Problem details: Lines from the first one down to the one containing "Barn At Farm" in the data below are the only ones needed; please return them exactly, both ends included.
#### Data for analysis ####
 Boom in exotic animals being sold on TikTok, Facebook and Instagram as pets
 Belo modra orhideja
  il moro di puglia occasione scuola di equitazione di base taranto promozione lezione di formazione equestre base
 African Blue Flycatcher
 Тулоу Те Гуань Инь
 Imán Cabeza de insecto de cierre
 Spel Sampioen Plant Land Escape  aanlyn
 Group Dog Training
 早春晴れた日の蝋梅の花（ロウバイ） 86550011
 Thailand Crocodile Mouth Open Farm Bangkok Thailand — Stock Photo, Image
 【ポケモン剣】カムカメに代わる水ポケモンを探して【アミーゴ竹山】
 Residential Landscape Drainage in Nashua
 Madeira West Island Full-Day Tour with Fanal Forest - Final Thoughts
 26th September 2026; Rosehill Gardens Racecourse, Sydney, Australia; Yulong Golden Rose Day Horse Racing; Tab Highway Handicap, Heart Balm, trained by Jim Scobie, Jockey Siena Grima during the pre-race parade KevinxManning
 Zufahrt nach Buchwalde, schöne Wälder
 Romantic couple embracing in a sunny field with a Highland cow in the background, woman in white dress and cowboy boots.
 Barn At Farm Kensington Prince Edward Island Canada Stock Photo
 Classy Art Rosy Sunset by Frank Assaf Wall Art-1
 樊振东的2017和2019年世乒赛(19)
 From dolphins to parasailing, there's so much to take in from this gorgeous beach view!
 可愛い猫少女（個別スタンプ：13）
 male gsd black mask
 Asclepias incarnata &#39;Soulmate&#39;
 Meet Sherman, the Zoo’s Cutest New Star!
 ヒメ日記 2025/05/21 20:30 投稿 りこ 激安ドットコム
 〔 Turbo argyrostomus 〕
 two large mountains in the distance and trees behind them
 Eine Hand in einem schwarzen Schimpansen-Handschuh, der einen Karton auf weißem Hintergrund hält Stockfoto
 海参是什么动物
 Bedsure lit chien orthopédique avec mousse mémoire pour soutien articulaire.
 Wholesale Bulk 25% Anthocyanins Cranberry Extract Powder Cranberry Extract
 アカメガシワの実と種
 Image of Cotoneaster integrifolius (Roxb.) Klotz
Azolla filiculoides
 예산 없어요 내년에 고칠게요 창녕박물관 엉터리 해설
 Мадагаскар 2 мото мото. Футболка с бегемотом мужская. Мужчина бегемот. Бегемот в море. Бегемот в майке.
####
Worked solution:
 Boom in exotic animals being sold on TikTok, Facebook and Instagram as pets
 Belo modra orhideja
  il moro di puglia occasione scuola di equitazione di base taranto promozione lezione di formazione equestre base
 African Blue Flycatcher
 Тулоу Те Гуань Инь
 Imán Cabeza de insecto de cierre
 Spel Sampioen Plant Land Escape  aanlyn
 Group Dog Training
 早春晴れた日の蝋梅の花（ロウバイ） 86550011
 Thailand Crocodile Mouth Open Farm Bangkok Thailand — Stock Photo, Image
 【ポケモン剣】カムカメに代わる水ポケモンを探して【アミーゴ竹山】
 Residential Landscape Drainage in Nashua
 Madeira West Island Full-Day Tour with Fanal Forest - Final Thoughts
 26th September 2026; Rosehill Gardens Racecourse, Sydney, Australia; Yulong Golden Rose Day Horse Racing; Tab Highway Handicap, Heart Balm, trained by Jim Scobie, Jockey Siena Grima during the pre-race parade KevinxManning
 Zufahrt nach Buchwalde, schöne Wälder
 Romantic couple embracing in a sunny field with a Highland cow in the background, woman in white dress and cowboy boots.
 Barn At Farm Kensington Prince Edward Island Canada Stock Photo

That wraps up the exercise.